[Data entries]

• • • •

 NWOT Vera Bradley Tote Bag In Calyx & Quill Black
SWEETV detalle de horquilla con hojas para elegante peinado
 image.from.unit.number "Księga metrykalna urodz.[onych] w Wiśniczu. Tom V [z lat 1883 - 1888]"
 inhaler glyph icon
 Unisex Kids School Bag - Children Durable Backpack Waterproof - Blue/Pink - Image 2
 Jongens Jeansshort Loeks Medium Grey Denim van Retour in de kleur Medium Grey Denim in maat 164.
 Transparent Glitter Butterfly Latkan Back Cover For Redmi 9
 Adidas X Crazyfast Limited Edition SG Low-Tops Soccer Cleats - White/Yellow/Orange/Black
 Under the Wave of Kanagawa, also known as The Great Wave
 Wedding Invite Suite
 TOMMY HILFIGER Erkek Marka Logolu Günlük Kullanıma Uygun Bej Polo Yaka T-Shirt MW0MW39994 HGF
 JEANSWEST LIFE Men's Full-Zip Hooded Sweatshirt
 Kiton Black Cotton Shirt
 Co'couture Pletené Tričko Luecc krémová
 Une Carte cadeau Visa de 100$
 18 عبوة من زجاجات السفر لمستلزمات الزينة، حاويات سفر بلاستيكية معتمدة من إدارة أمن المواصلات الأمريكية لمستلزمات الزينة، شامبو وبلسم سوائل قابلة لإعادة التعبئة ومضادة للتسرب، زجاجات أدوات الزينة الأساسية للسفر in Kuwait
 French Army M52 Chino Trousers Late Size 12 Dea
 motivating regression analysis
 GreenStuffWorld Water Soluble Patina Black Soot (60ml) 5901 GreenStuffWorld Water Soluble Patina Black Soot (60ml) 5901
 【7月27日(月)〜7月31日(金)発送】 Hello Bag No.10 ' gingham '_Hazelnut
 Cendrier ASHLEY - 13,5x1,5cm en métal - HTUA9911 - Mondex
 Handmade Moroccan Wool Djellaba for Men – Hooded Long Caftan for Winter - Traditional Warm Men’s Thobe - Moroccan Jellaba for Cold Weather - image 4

• • • •

■ Task objective:
Using the entries above, output exactly the lines between the line holding "JEANSWEST LIFE Men's" and the line holding "Cendrier ASHLEY - 13,5x1,5cm", end lines included, and nothing more.

■ Reply:
 JEANSWEST LIFE Men's Full-Zip Hooded Sweatshirt
 Kiton Black Cotton Shirt
 Co'couture Pletené Tričko Luecc krémová
 Une Carte cadeau Visa de 100$
 18 عبوة من زجاجات السفر لمستلزمات الزينة، حاويات سفر بلاستيكية معتمدة من إدارة أمن المواصلات الأمريكية لمستلزمات الزينة، شامبو وبلسم سوائل قابلة لإعادة التعبئة ومضادة للتسرب، زجاجات أدوات الزينة الأساسية للسفر in Kuwait
 French Army M52 Chino Trousers Late Size 12 Dea
 motivating regression analysis
 GreenStuffWorld Water Soluble Patina Black Soot (60ml) 5901 GreenStuffWorld Water Soluble Patina Black Soot (60ml) 5901
 【7月27日(月)〜7月31日(金)発送】 Hello Bag No.10 ' gingham '_Hazelnut
 Cendrier ASHLEY - 13,5x1,5cm en métal - HTUA9911 - Mondex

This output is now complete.